Green synthesized AgNPs@MSNs reinforced polycaprolactone nanofibers for removal of heavy metals, bacteria, and methylene blue dye from industrial wastewater
Bibliographic record
Abstract
This study aims to find solutions to global water scarcity and to address the environmental pollution and serious adverse effects on human health and aquatic ecosystems caused by the inadequacy of conventional water treatment methods. In order to contribute to the solution of these problems, the potential of silver nanoparticles (AgNPs) and mesoporous silica nanoparticles (MSNs) doped nanofibers obtained by the green synthesis method using Betula pendula plant extract in industrial wastewater treatment was investigated.
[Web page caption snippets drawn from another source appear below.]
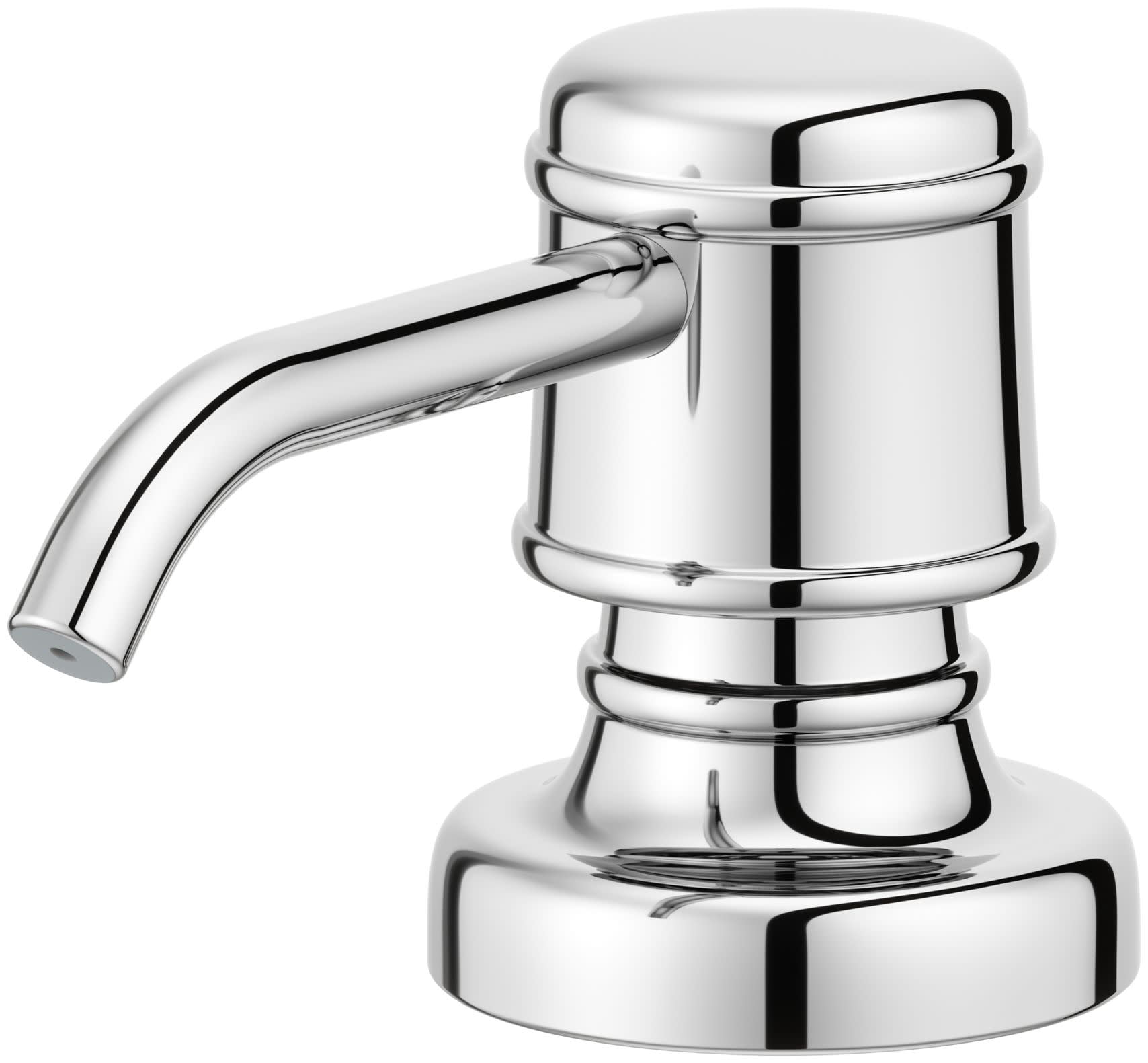 Pfister KSD-TDC Port Haven Deck Mounted Soap Dispenser - Chrome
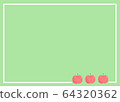 蘋果櫻桃框架 64320362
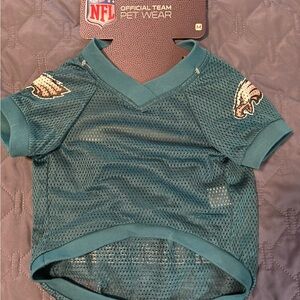 NFL Dogs Eagles Jersey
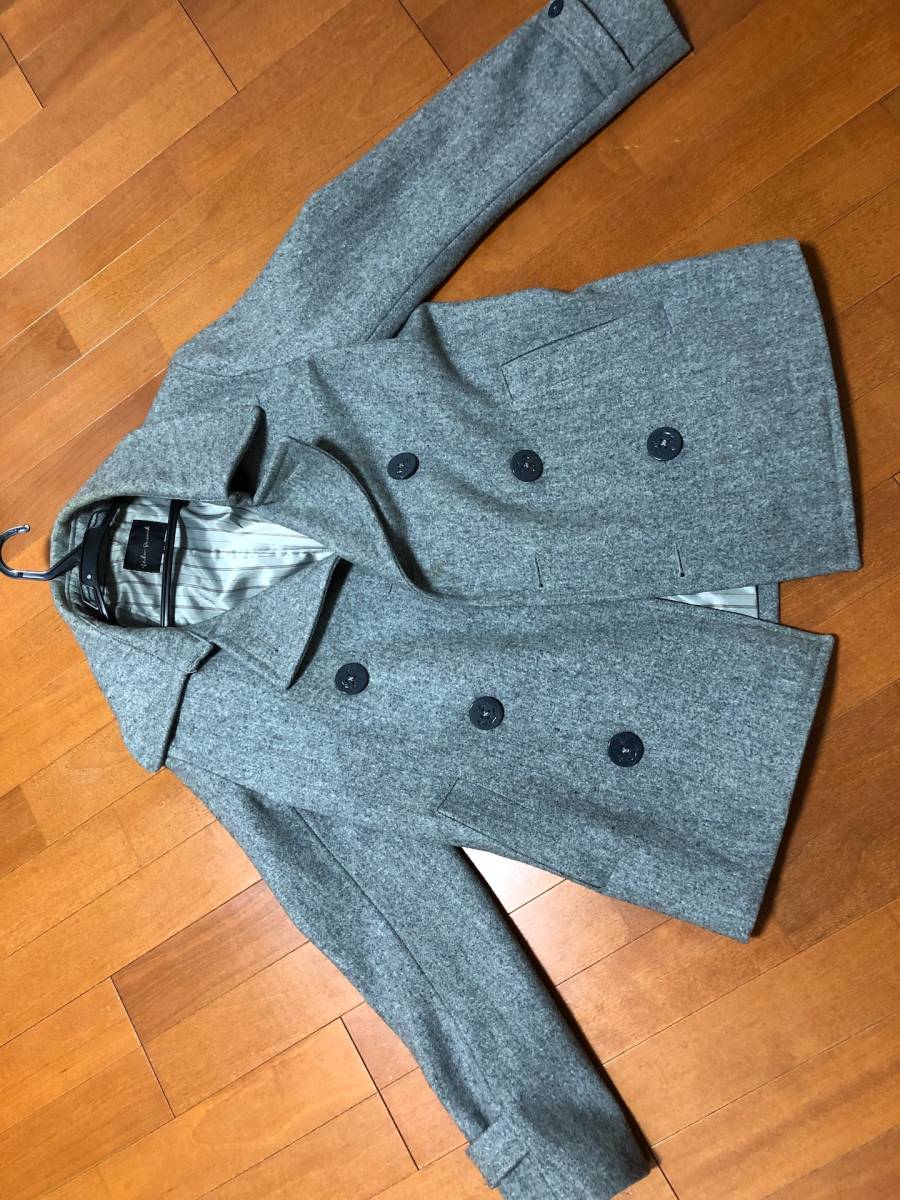 アーバンリサーチURBAN RESEARCH コート/Pコート M(コート)|売買されたオークション情報、yahooの商品情報をアーカイブ公開 ...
The characterization of the synthesized nanoparticles was carried out in detail using X-ray diffraction (XRD), Fourier transform infrared spectroscopy (FTIR), UV-Vis spectrophotometry, scanning electron microscopy (SEM), and antibiogram tests. The filtration performance of industrial wastewater simulated in a laboratory setting was comprehensively evaluated by atomic absorption spectroscopy (AAS) and UV-spectrophotometry analyses. The characterization of polycaprolactone (PCL) based composite nanofibers produced by electrospinning was carried out by scanning electron microscopy (SEM) and thermogravimetric analysis (TGA). The main findings of the research reveal the successful biosynthesis of silver nanoparticles (AgNPs) with an average diameter of 113 nm and mesoporous silica nanoparticles (MSNs) with an average diameter of 185 nm. Furthermore, AgNPs@MSNs reinforced composite nanofibers provided effective adsorption of heavy metals, organic dyes, and bacterial pollutants found in industrial wastewater. These results indicate that the developed nanofibers have high potential in reducing environmental pollution.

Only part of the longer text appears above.